撮影を担当したのは、『万引き家族』(2019)で日本アカデミー賞最優秀撮影賞に輝いた名カメラマン・近藤龍人のもとでアシスタントを経験し、横浜聡子監督や石井裕也監督の作品で腕を振るってきた、1979年生まれの鎌苅洋一。役者の即興的な動きを躍動的に捉えることに長けたカメラマンである。

役者の息づかいや心臓の鼓動までをもすくい取るような、30秒から1分ほどの比較的息の長いカットが印象的である。信号待ちをする麦と絹が初めてキスをするカットは、2人の背後から撮影されている。表情が映されないことによって、2人の間に広がる空気感が豊かに表現されているのだ。

他にも、麦と絹を背後から映したカットは重要なポイントで登場し、2人の関係性の変化をヴィヴィッドに表現する。多摩川沿いのアパートに居を移し、ベランダでワインを飲み交わすシーンでは、身を寄せ合う2人が川を背景にしたロングショットによって背中から映される。信号待ちのシーンでは、まだぎこちなかった麦と絹の関係はすでに親密となっており、2人の距離の近さが、あふれる幸福感とともに強調されている。

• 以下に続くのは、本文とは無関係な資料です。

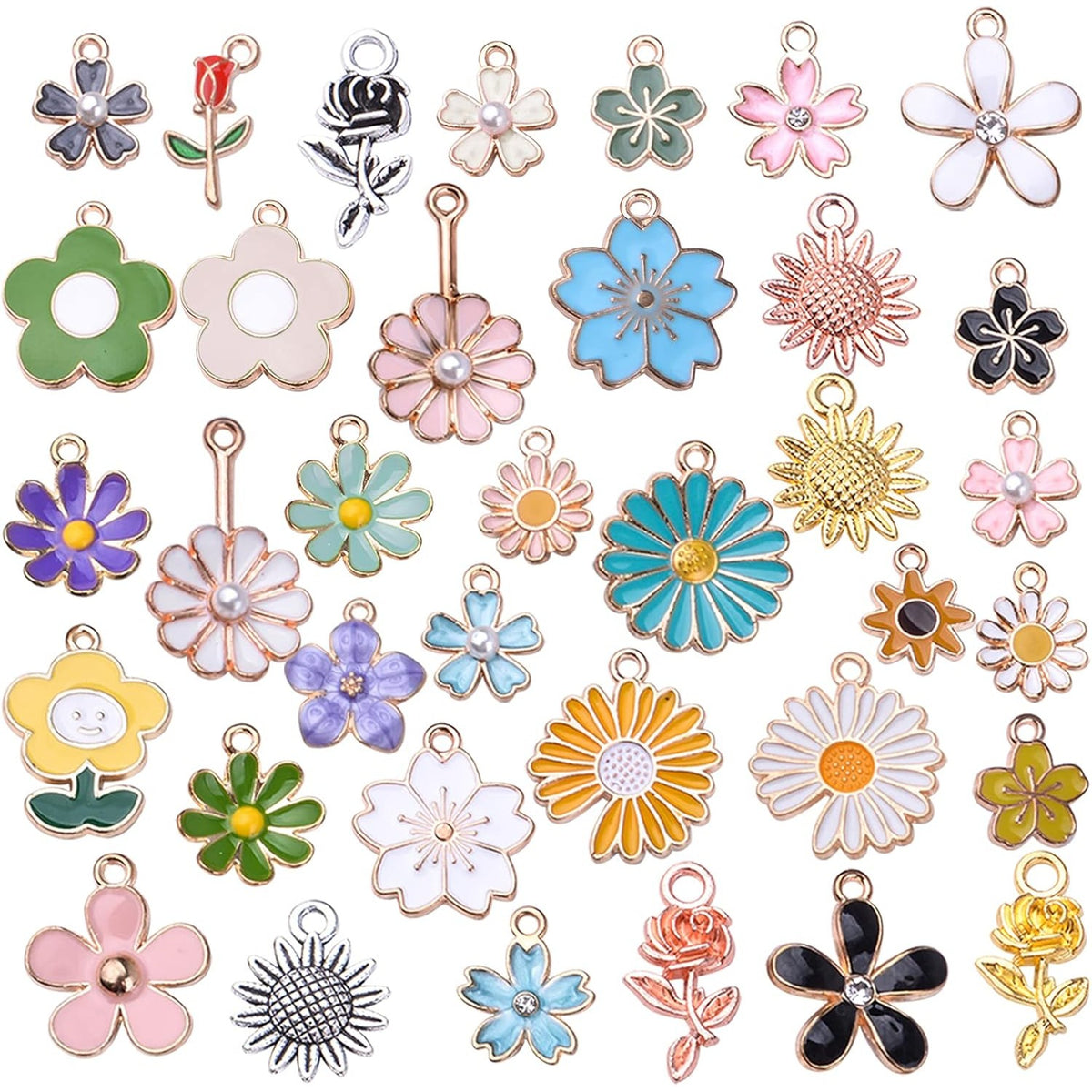 60pcs Mixed Enamel Flower Charms Alloy Sunflower Rose Flower Pendants Sweet Dangle Charms Jewelry Making Accessories for DIY Necklace Bracelet Earring Craft Supplies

次にカメラが2人を背後から捉えるのは、友人の結婚式の帰りに、赤いネオンの観覧車を見上げるシーンにおいてだ。2人の心はすでに別々の方向を向いており、上記の2カットに比べて、2人の間には距離がある。それに続くシーンでも、夜道を歩く2人が背後から映されるが、それぞれの手に握られた結婚式の引き出物がブロックの役割を果たし、決して埋めることのできない心の距離感が可視化されているようだ。

本作の映像は決して派手さはないが、演出と一体となったカメラワークによって、主役2人の関係性をさりげなく、的確に表現している。